What Makes a Great Team Captain

Tommy Spaulding

25 April 2017

I write this blog at 5:36 a.m. in a freezing cold ice rink. My nine-year-old son, Tate, gets up four days a week, before school, to practice his passion — ice hockey. Passion is not the word. Obsession more fits the description. He's been playing since he was three. Tate can skate more comfortably than he can walk. He often asks Jill and I, at bedtime, to read him all of Wayne Gretzky's (the greatest hockey player of all time) NHL hockey records. And every time Tate says, "Now I know all the records I'm going to break." Our dog is even named Gretzky.

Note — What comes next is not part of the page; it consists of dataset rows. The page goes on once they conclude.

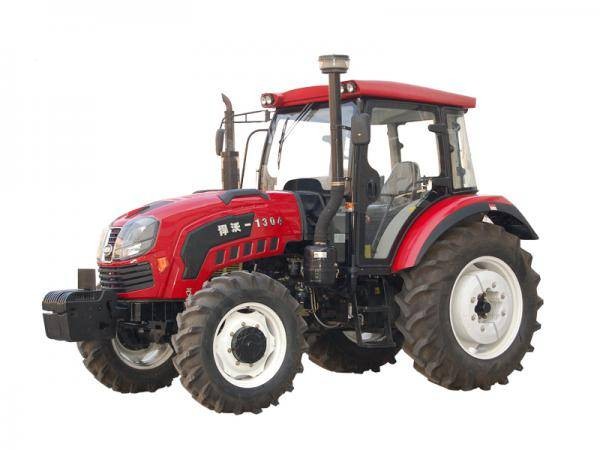 悍沃1304輪式拖拉機(jī)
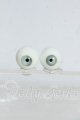 画像: 12ｍｍ/プラスティックアイ Y-26-03-25-038-WT-ZY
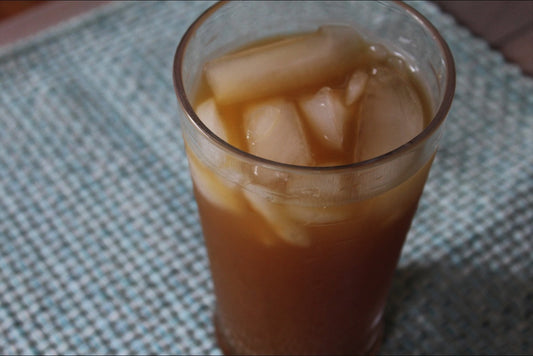 Low FODMAP Arnold Palmer Recipe - casa de sante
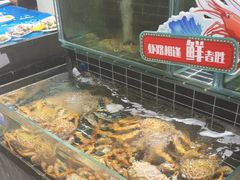 -宏运厨房·海鲜青岛菜·生日宴(城市阳台店)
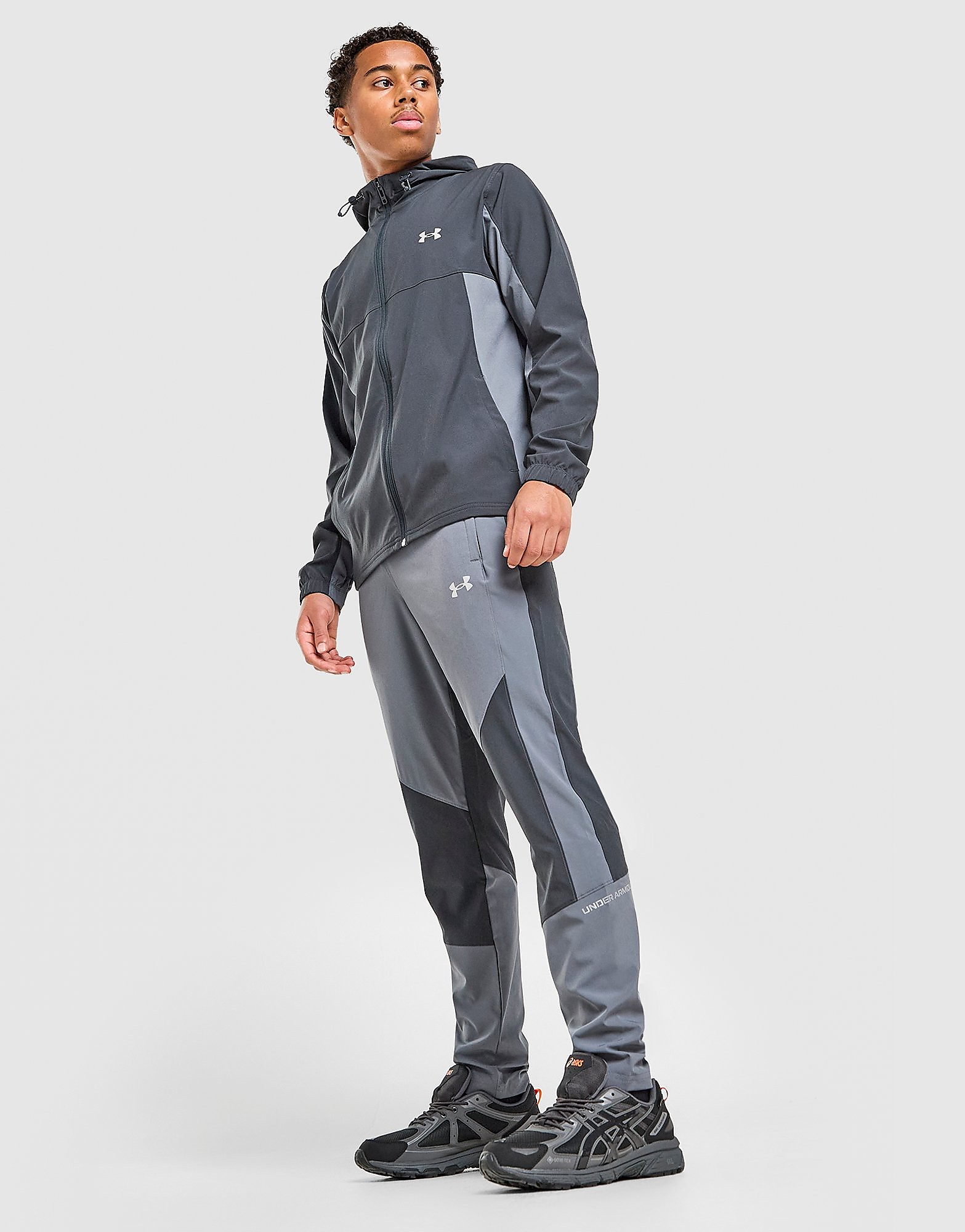 Under Armour Storm Hybrid Track Pants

The kid sleeps with his hockey stick! 

A few months ago, Tate asked me on the morning drive to practice, "Daddy, what does it take to become a Captain?"

My brain half-awake, I replied, "Many people think the Captain is the most talented player on the team. That is not always the case. The Captain has the biggest heart on the team. And not just a heart for the game. But a heart for others. Being a Captain, Tate, is making sure your weakest teammate becomes the strongest." 

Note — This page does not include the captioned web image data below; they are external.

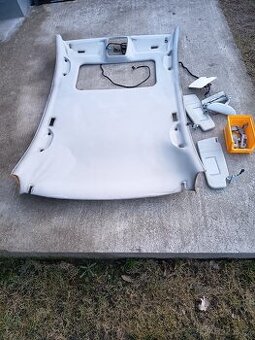 Stropnice Škoda Superb 1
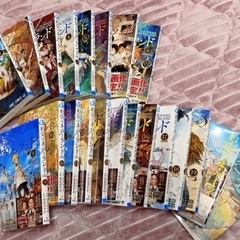 コミック全巻セット 約束のネバーランド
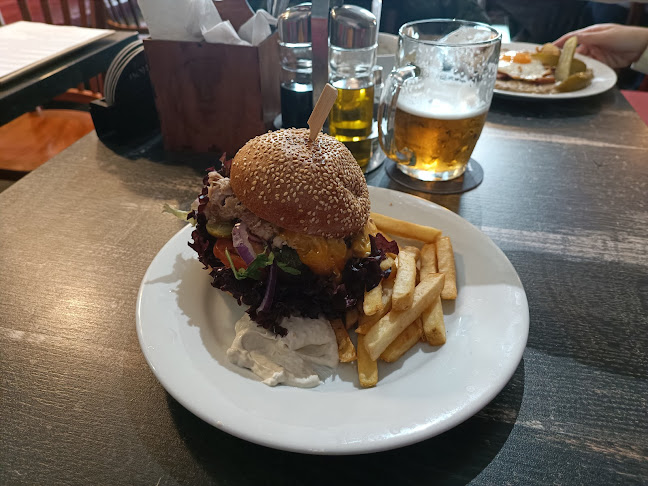 Restart Pub - Gastronomie a pohostinství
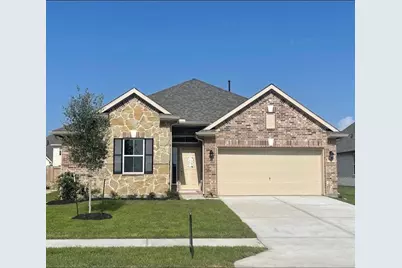 14147 Little River Drive, Baytown, TX 77523 - Photo 1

"I want to be a Captain one-day, Daddy!" 

Tate's coach is a Russian guy who was a National Champion back in his home country. He makes old school look old. He is tough. He is demanding. And he has a beautiful gift of pushing and teaching kids beyond their born talent.

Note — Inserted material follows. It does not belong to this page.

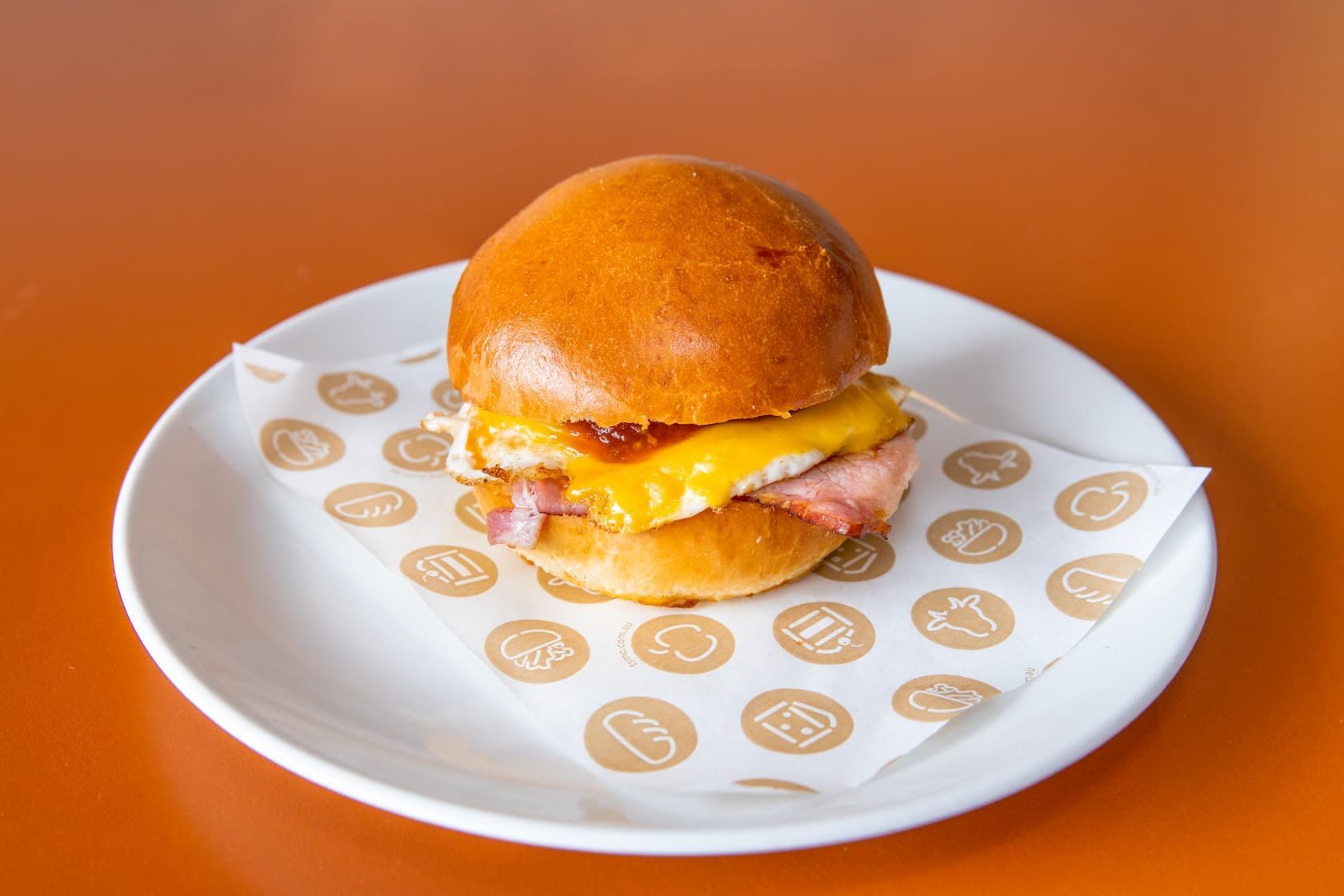 Brekkie Bun — Cafe, Bar and Catering Services in Southport, QLD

There is one kid on Tate's team that struggles. If you had to pick the weakest kid on the team, it would be him. Good kid. Sweet boy. But he clearly does not sleep with his hockey stick. 

Kids can be mean. I think this young man gets teased by a few of his teammates. OK, maybe more than a few. 

Two weeks ago, Christian's mother came up to me after morning practice and asked if Tate was available on Sunday afternoon. She was planning Christian's birthday party. I told her I think Tate has his first baseball practice and for her to connect in with Jill - the CEO of our family schedule.

That weekend I found out that Christian's mother changed the time of her son's birthday party to accommodate Tate's schedule. I had never heard of such a thing. Who rearranges the timing of a birthday party for one kid?

The following week this mom came up to me after practice. She had tears in her eyes. And then she told me something that I will never forget. "We invited a few of Christian's hockey teammates to attend his birthday party, but Tate was the only one who came. You have no idea how your son makes my son feel. Tate is always building him up. What a special kid you have."

When Tate and I got in the car, I started to cry. I told him in all his nine short years, I've never been prouder of him. "You are a Captain, son. You are making the weakest kid on the team become the strongest. You just broke one of Wayne Gretzky's records in my book!"

I can't stop thinking about this. I look at my son differently now. At such a young age, he understands love. He understands empathy. He understands compassion. He understands that a captain is a heart-led leader.

It has me thinking about relationships — all the people in our lives that choose to follow us. Are you making the weakest into the strongest? Are you pouring into people, helping them become the best versions of themselves? Are you investing in the lives of others? And most importantly, are you doing this in such a way that one of your teammates or co-workers would change the time of their birthday party so you could attend?